Mitigation: Use static data in stories and disable animations in test mode.
Chrome Only
Holt uses Chrome via doco's Docker-based browser. This means you're not testing Firefox or Safari rendering.
For cross-browser snapshot testing, consider additional tooling or a service like Percy or Chromatic that tests multiple browsers.
No Pixel Tolerance
Some snapshot testing tools allow "fuzzy" matching that ignores small differences. Holt's byte comparison doesn't. This is intentional — if pixels changed, you should know.

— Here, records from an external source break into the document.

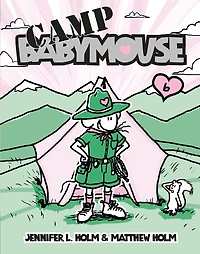 Babymouse #6: Camp Babymouse - Édition anglaise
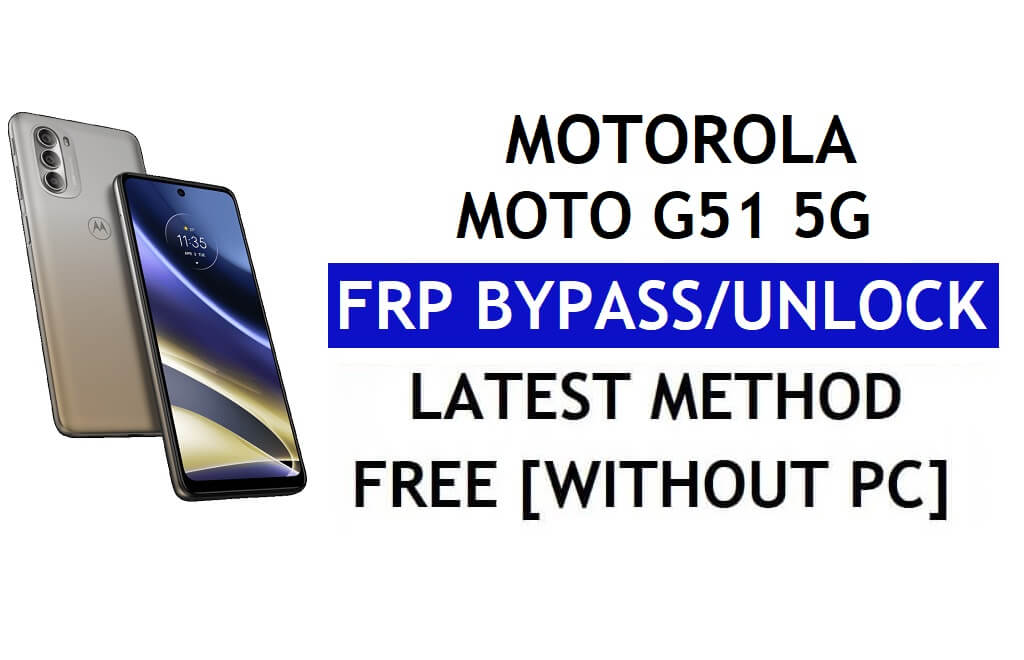 Desbloquear FRP Motorola Moto G51 5G ignorar conta do Google Android 11 sem PC e APK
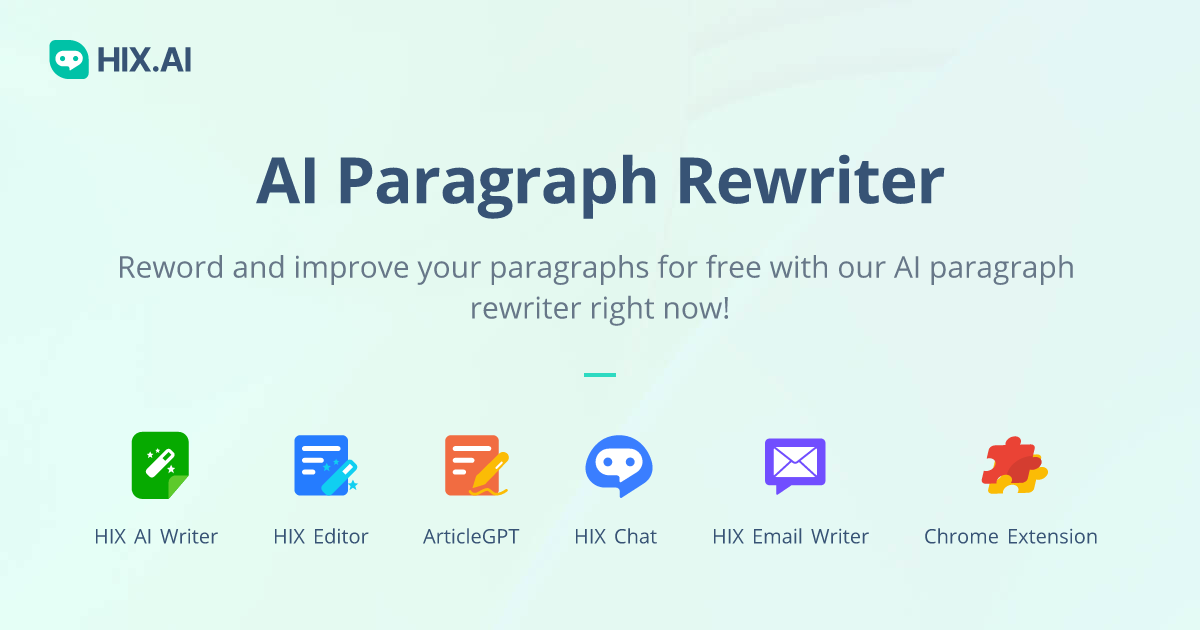 Paragraph Rewriter - AI Rewriter (Free & No Sign Up) | HIX.AI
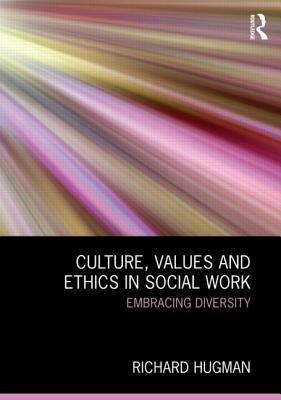 Culture, Values and Ethics in Social Work: Embracing Diversity by Richard Hugman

The comparison trait (ImageComparator) is pluggable, so tolerance-based
comparators could be added without changing the rest of the system.
Design Decisions
Why Docker?
Running the server and browser inside Docker containers means:
- No local browser or driver installation required
- Consistent rendering across developer machines and CI
- No version skew between local and CI environments
- Single prerequisite: a running Docker daemon
Why Store Baselines in the Repo?
Baselines in version control mean:
- CI can compare without external dependencies
- Changes are code-reviewed along with the code that caused them
- History shows exactly when visual changes occurred
- Anyone can run tests without downloading baselines separately
The cost is repository size, but PNG screenshots of components are typically small (10-50KB each).
Why a GUI for Review?
Terminal-based approval (y/n prompts) works but makes it hard to actually see the difference. The GUI lets you toggle between images instantly, making review faster and more confident.
The fallback to terminal mode ensures the tool works everywhere, even if less conveniently.